= Problem description =
Every record should be copied exactly, except that pictures are to be omitted.

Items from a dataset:

--------------------------------

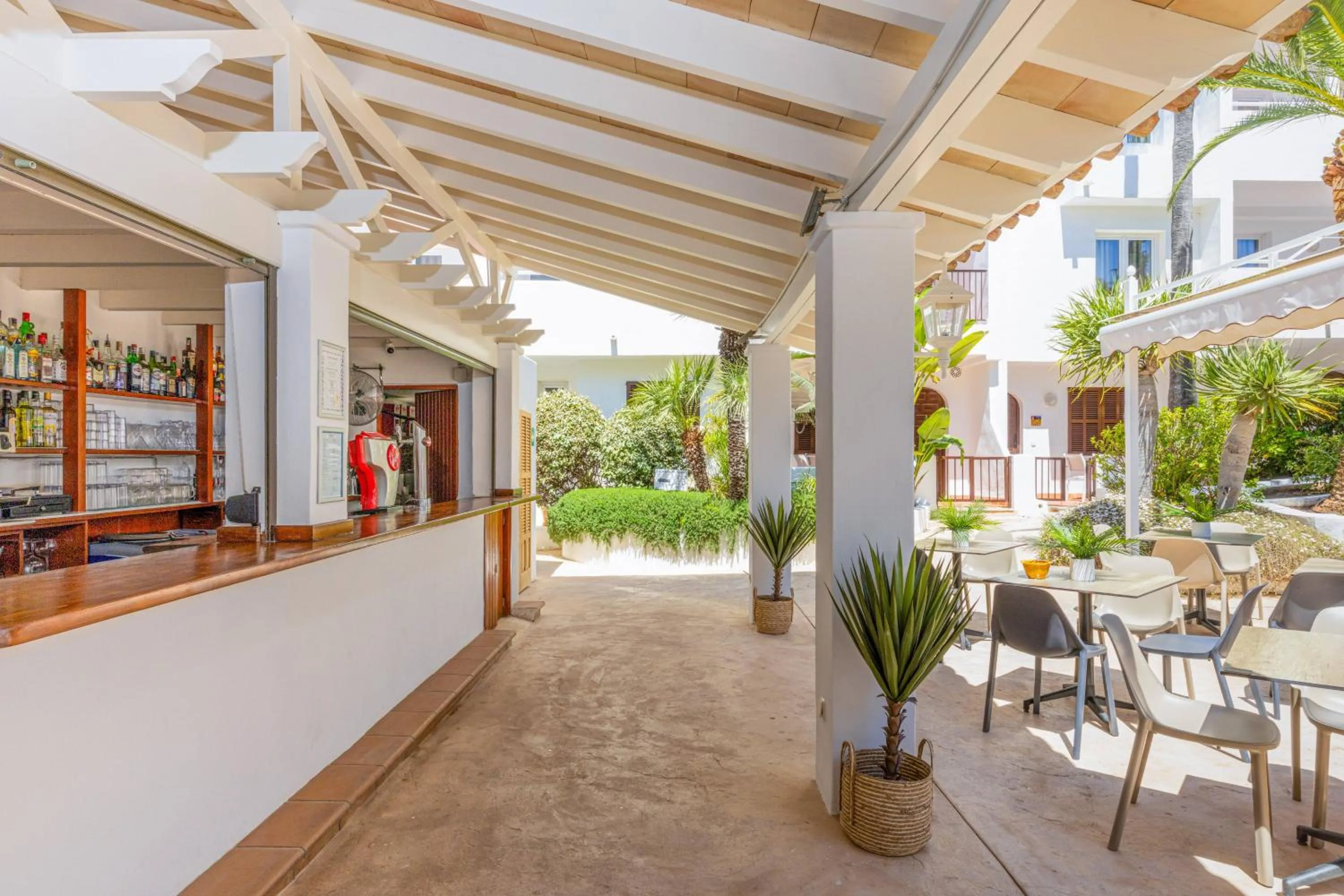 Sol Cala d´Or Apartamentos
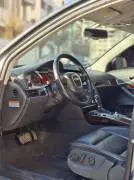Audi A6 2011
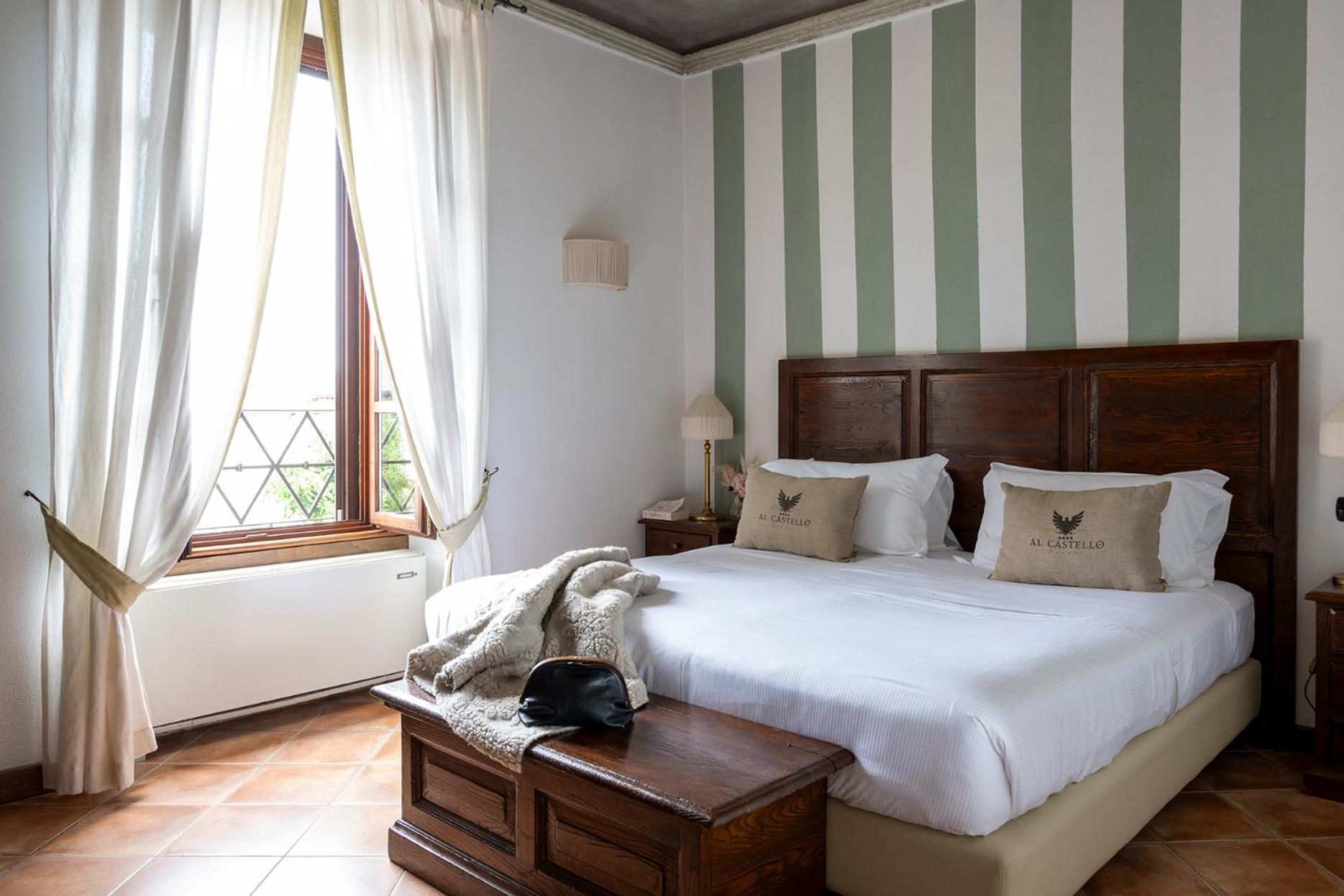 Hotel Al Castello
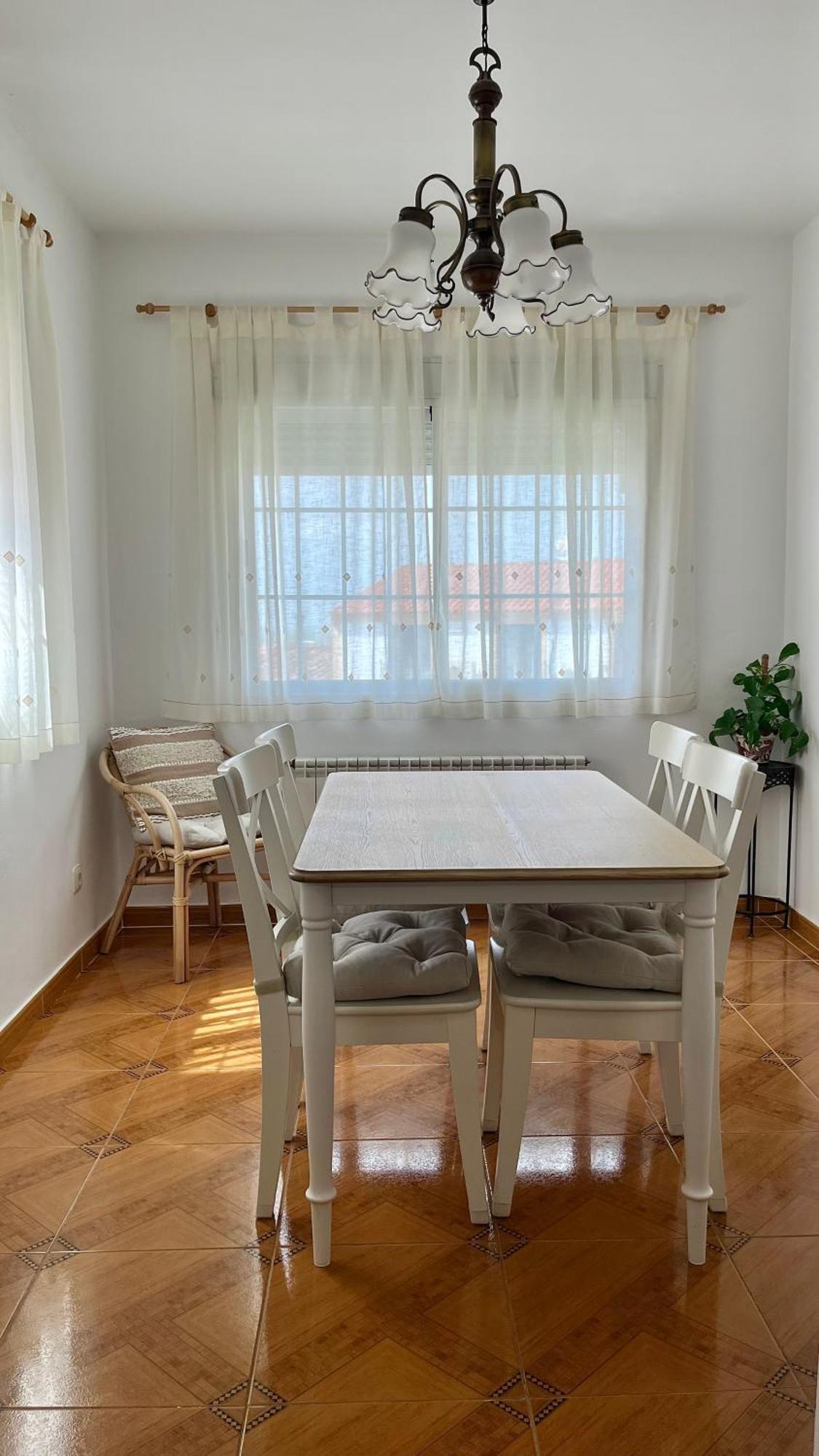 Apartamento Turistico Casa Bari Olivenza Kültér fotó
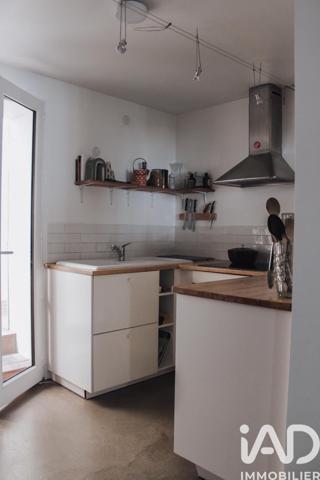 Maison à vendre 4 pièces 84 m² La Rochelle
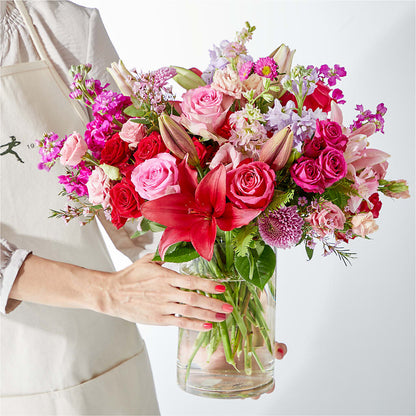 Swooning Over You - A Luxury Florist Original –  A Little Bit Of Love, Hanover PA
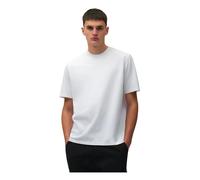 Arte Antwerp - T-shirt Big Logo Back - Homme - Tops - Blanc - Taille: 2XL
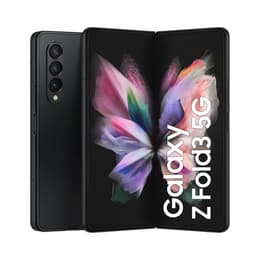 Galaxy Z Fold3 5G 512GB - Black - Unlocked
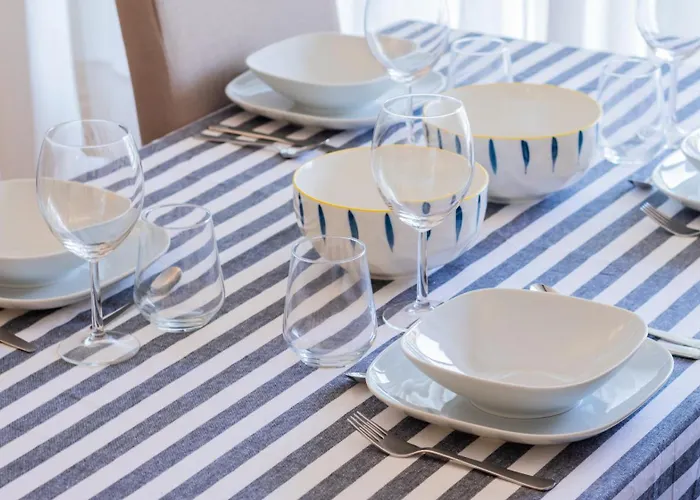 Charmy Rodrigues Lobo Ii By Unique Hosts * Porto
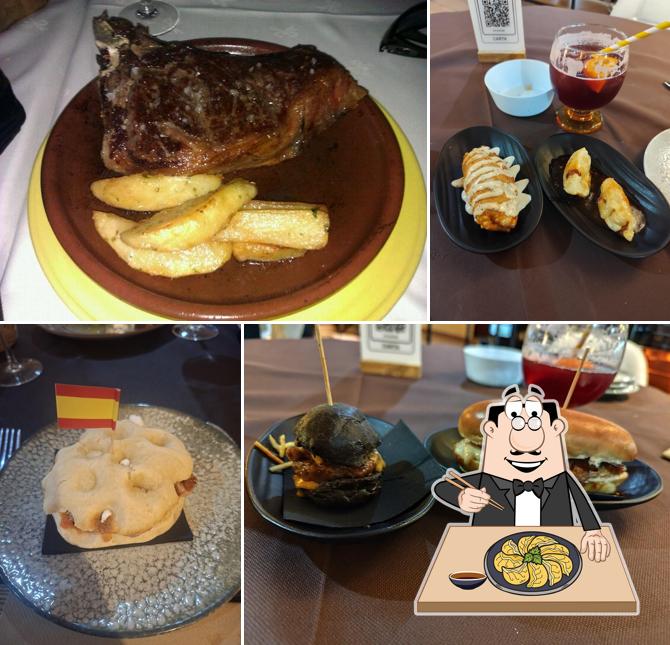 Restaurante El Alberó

--------------------------------

= Exercise response =
 Sol Cala d´Or Apartamentos
Audi A6 2011
 Hotel Al Castello
 Apartamento Turistico Casa Bari Olivenza Kültér fotó
 Maison à vendre 4 pièces 84 m² La Rochelle
 Swooning Over You - A Luxury Florist Original –  A Little Bit Of Love, Hanover PA
 Arte Antwerp - T-shirt Big Logo Back - Homme - Tops - Blanc - Taille: 2XL
 Galaxy Z Fold3 5G 512GB - Black - Unlocked
 Charmy Rodrigues Lobo Ii By Unique Hosts * Porto
 Restaurante El Alberó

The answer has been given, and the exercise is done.